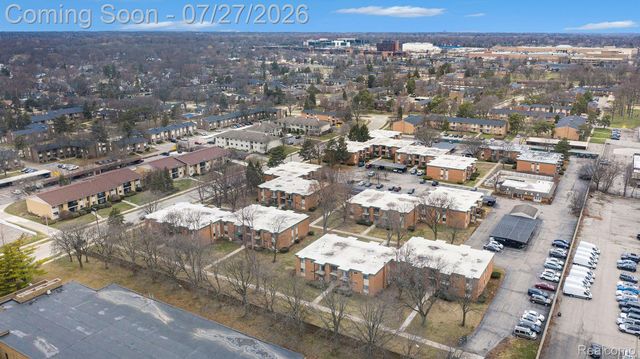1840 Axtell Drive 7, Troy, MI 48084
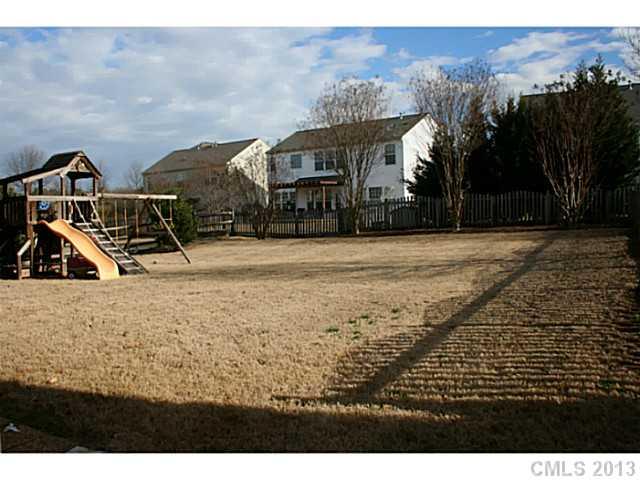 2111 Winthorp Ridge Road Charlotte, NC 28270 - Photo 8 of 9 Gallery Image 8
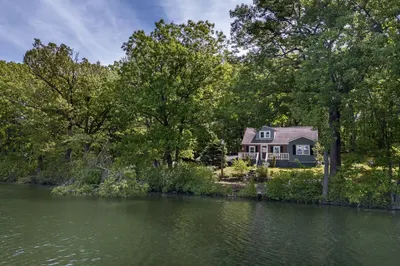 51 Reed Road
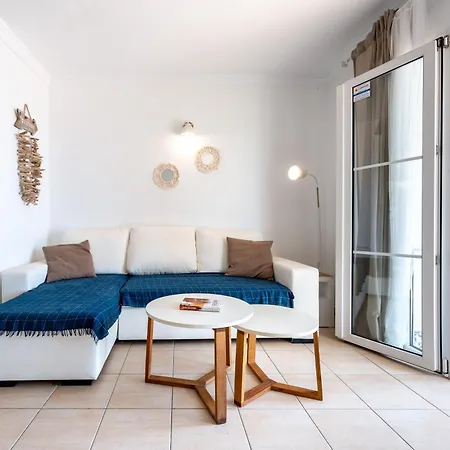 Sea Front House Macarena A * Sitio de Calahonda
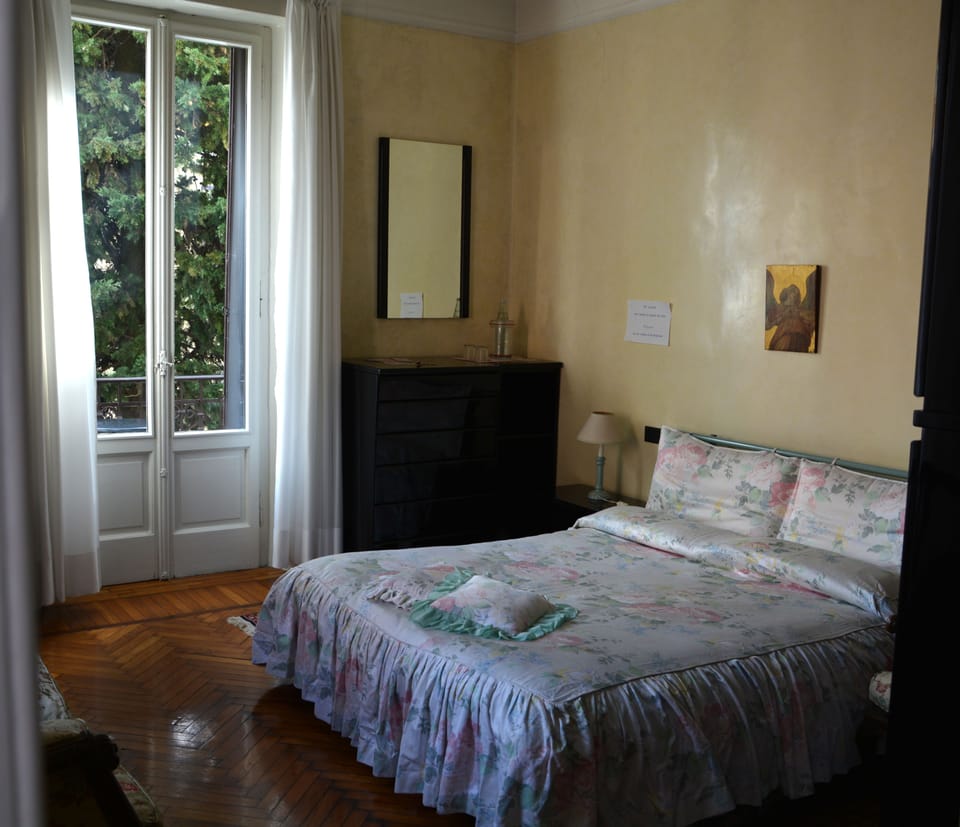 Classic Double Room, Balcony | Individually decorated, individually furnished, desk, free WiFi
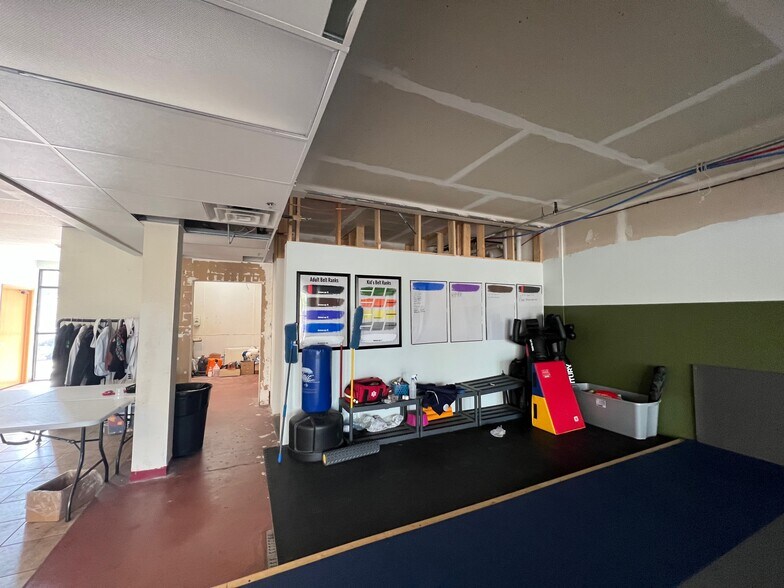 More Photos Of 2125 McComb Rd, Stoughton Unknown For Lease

•••••

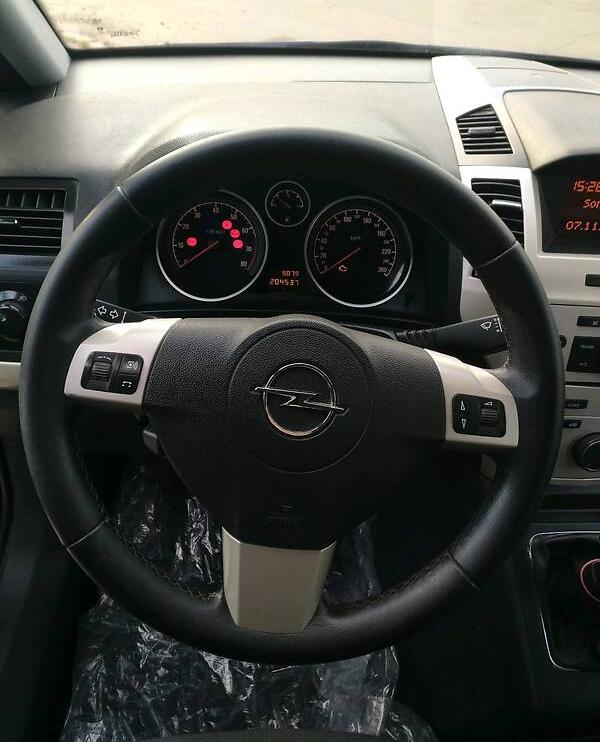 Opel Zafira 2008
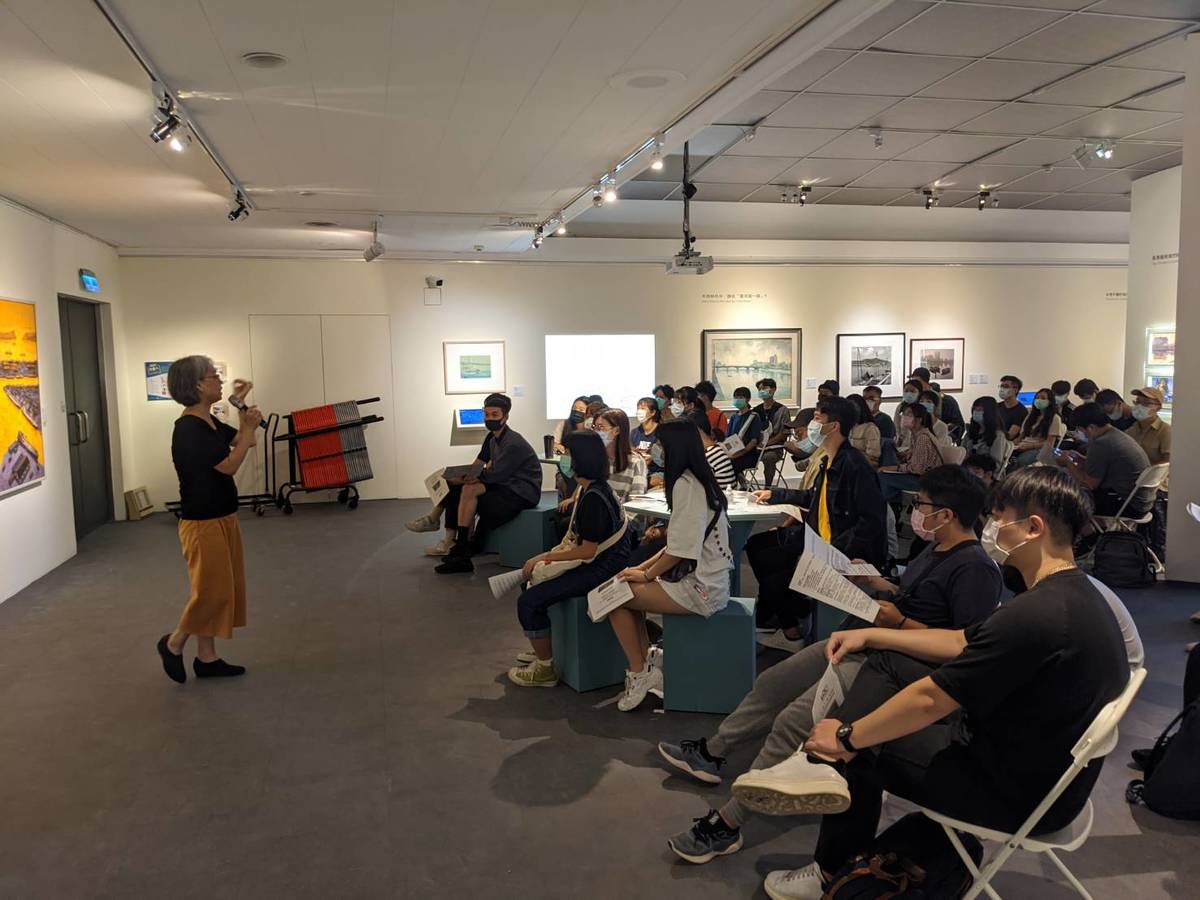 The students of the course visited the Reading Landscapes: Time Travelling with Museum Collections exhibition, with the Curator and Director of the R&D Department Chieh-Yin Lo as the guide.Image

•••••

• Your assignment
Look above for the line with "1840 Axtell Drive 7, Troy, MI 48084" and the line with "More Photos Of". Give again exactly those two lines and all lines between them, pictures excluded.

• Answer for the task
1840 Axtell Drive 7, Troy, MI 48084
 2111 Winthorp Ridge Road Charlotte, NC 28270 - Photo 8 of 9 Gallery Image 8
 51 Reed Road
 Sea Front House Macarena A * Sitio de Calahonda
 Classic Double Room, Balcony | Individually decorated, individually furnished, desk, free WiFi
 More Photos Of 2125 McComb Rd, Stoughton Unknown For Lease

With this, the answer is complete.